** Data for review **
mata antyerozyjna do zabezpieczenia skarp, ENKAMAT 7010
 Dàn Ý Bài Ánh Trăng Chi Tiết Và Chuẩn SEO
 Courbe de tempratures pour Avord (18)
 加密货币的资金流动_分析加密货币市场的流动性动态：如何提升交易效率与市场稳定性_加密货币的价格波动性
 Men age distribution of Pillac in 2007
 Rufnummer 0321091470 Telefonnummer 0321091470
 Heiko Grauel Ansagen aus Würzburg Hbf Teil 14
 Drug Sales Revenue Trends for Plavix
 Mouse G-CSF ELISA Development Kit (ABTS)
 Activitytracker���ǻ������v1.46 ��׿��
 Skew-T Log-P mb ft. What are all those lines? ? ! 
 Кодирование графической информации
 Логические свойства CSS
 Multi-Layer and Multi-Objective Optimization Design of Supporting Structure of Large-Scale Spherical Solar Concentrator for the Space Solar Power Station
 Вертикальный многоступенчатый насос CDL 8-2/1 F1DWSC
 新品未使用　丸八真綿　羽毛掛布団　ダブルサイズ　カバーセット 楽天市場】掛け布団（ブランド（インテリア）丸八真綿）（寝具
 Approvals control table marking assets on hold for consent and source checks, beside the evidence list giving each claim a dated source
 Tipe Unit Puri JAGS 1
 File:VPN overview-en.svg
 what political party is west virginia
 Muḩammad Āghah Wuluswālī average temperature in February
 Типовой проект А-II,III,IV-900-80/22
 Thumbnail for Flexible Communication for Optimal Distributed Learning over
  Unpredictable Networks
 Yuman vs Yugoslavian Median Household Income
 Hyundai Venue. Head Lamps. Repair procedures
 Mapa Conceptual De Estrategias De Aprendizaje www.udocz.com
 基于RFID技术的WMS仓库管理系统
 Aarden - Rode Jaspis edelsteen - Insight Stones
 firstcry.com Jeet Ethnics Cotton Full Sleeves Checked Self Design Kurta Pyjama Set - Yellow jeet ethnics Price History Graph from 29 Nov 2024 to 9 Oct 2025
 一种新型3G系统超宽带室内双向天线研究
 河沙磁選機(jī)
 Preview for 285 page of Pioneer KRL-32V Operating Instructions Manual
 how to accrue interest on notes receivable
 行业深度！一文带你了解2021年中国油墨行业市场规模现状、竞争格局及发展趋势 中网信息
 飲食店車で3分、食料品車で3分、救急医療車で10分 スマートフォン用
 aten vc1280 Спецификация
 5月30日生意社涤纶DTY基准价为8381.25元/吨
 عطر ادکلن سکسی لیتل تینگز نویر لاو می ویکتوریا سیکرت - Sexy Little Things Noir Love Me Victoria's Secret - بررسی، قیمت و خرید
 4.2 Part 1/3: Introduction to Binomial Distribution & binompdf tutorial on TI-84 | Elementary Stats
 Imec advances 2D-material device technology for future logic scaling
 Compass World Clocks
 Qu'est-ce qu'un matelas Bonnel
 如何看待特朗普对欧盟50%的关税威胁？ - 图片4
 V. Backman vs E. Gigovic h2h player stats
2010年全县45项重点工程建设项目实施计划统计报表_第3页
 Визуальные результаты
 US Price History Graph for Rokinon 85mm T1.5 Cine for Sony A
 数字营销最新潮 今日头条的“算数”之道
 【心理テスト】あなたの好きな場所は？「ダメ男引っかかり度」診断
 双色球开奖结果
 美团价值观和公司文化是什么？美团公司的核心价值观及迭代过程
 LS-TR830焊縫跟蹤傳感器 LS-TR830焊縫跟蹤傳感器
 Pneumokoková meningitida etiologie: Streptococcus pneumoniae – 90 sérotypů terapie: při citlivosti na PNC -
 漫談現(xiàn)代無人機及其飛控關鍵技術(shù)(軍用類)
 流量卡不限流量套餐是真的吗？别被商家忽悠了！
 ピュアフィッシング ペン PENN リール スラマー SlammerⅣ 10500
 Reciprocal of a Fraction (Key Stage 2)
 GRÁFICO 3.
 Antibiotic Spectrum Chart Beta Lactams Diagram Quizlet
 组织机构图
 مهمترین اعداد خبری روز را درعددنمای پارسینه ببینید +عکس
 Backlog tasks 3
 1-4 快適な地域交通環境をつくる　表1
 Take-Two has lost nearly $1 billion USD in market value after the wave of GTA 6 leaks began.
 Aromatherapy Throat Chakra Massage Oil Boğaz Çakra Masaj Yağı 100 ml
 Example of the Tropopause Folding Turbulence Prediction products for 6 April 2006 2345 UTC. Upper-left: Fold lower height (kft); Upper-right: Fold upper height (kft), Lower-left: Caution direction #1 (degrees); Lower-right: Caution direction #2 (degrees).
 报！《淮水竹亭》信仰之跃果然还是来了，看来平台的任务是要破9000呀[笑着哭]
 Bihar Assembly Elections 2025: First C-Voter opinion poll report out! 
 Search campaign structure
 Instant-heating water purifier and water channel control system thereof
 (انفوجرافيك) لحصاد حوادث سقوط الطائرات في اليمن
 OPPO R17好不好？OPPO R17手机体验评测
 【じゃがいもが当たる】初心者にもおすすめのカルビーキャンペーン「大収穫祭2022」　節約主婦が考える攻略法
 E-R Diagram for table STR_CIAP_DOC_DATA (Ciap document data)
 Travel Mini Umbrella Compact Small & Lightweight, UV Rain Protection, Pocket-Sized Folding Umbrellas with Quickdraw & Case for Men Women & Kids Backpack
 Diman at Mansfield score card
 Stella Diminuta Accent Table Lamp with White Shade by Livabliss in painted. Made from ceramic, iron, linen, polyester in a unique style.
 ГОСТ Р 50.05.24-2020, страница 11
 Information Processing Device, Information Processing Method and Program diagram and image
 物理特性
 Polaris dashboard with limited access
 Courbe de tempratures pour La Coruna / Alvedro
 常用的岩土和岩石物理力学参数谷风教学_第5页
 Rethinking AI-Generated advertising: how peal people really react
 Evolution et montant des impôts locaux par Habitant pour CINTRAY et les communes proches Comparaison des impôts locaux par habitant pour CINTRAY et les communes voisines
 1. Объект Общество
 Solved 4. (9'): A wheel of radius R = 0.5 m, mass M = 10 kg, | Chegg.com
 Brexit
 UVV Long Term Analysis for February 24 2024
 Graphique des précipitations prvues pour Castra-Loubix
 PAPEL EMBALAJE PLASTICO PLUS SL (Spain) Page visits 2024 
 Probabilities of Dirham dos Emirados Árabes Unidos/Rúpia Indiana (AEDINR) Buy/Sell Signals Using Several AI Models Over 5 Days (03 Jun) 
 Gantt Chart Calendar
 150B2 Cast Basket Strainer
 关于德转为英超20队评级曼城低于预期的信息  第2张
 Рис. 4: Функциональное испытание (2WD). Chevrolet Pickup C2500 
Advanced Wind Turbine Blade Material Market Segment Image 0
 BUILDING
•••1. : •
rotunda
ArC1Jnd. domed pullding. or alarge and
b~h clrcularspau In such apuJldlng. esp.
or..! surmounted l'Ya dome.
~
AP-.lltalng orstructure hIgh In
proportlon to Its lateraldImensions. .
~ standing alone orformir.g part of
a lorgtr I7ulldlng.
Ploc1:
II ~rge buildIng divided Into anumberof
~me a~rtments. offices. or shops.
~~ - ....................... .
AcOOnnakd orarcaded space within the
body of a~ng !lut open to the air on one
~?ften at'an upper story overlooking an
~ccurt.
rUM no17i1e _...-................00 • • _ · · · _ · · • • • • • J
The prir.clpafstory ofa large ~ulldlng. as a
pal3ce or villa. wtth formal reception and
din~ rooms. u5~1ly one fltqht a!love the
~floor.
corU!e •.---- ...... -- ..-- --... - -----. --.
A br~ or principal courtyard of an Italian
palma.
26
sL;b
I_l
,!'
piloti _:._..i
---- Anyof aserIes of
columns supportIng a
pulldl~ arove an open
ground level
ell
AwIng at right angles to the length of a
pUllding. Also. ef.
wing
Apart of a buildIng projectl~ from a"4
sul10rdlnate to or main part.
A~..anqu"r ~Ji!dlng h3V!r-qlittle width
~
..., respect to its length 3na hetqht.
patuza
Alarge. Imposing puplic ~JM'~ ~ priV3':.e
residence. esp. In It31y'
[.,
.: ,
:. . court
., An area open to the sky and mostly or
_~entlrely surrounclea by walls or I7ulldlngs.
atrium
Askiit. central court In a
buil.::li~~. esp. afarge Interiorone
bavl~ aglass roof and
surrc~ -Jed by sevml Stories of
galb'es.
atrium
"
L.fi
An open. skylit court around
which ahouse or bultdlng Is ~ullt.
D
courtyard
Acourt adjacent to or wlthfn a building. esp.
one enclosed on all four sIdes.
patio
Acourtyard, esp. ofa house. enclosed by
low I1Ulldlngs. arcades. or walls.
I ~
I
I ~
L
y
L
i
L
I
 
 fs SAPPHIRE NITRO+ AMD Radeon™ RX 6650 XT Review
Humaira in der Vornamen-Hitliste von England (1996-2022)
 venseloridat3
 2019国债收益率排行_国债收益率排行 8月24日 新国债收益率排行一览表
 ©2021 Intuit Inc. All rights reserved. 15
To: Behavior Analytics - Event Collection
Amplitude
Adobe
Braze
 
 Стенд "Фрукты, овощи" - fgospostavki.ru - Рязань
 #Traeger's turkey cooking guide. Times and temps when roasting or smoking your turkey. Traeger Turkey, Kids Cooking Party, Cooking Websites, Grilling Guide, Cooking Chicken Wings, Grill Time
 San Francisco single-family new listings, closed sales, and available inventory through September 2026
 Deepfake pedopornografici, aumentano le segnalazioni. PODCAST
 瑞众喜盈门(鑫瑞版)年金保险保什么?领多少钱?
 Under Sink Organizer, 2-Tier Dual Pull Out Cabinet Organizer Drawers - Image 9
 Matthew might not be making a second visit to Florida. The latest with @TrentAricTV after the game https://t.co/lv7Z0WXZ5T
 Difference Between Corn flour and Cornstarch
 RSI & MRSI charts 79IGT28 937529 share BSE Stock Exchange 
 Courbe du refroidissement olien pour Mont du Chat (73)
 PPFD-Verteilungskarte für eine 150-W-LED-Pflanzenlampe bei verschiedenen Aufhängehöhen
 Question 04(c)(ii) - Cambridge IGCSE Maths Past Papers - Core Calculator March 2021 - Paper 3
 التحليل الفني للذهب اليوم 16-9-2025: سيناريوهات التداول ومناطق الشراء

** What is being asked **
The lines you return should be those above that contain the word "walls", every one of them.

** Solved problem **
_~entlrely surrounclea by walls or I7ulldlngs.
low I1Ulldlngs. arcades. or walls.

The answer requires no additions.